Exactly as they appear, copy the lines from the start of the entries below to the line containing "10FT PVC Bubble", both ends included.

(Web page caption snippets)
· · · · ·

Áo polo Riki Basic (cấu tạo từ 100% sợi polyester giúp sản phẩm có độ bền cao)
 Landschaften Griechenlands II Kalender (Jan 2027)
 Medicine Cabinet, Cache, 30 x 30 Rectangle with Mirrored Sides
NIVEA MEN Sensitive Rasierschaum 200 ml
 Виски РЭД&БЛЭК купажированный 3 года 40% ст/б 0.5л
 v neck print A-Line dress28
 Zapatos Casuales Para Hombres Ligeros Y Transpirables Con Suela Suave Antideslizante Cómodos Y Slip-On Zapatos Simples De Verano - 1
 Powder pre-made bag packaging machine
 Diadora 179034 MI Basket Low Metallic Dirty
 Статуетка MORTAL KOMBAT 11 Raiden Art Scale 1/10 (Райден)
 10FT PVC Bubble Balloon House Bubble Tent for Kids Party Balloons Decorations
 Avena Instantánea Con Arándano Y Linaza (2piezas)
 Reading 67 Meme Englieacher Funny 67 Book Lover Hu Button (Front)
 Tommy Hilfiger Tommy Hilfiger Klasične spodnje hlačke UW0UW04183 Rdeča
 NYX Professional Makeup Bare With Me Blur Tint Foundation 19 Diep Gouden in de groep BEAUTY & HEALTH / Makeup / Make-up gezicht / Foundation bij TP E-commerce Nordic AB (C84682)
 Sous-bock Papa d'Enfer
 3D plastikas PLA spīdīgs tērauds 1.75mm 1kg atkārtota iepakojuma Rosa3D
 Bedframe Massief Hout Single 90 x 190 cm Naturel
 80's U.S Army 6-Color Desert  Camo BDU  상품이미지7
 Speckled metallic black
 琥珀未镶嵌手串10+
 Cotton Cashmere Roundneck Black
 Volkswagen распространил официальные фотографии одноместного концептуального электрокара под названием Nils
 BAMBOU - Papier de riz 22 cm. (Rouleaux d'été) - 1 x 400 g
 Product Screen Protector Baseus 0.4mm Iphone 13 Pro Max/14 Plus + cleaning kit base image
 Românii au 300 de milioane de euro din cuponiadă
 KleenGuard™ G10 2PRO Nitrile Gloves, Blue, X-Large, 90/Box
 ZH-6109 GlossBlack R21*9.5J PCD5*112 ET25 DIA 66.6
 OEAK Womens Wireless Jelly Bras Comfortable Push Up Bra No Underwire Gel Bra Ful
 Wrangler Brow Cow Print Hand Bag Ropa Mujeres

· · · · ·

> **RESPONSE**:
Áo polo Riki Basic (cấu tạo từ 100% sợi polyester giúp sản phẩm có độ bền cao)
 Landschaften Griechenlands II Kalender (Jan 2027)
 Medicine Cabinet, Cache, 30 x 30 Rectangle with Mirrored Sides
NIVEA MEN Sensitive Rasierschaum 200 ml
 Виски РЭД&БЛЭК купажированный 3 года 40% ст/б 0.5л
 v neck print A-Line dress28
 Zapatos Casuales Para Hombres Ligeros Y Transpirables Con Suela Suave Antideslizante Cómodos Y Slip-On Zapatos Simples De Verano - 1
 Powder pre-made bag packaging machine
 Diadora 179034 MI Basket Low Metallic Dirty
 Статуетка MORTAL KOMBAT 11 Raiden Art Scale 1/10 (Райден)
 10FT PVC Bubble Balloon House Bubble Tent for Kids Party Balloons Decorations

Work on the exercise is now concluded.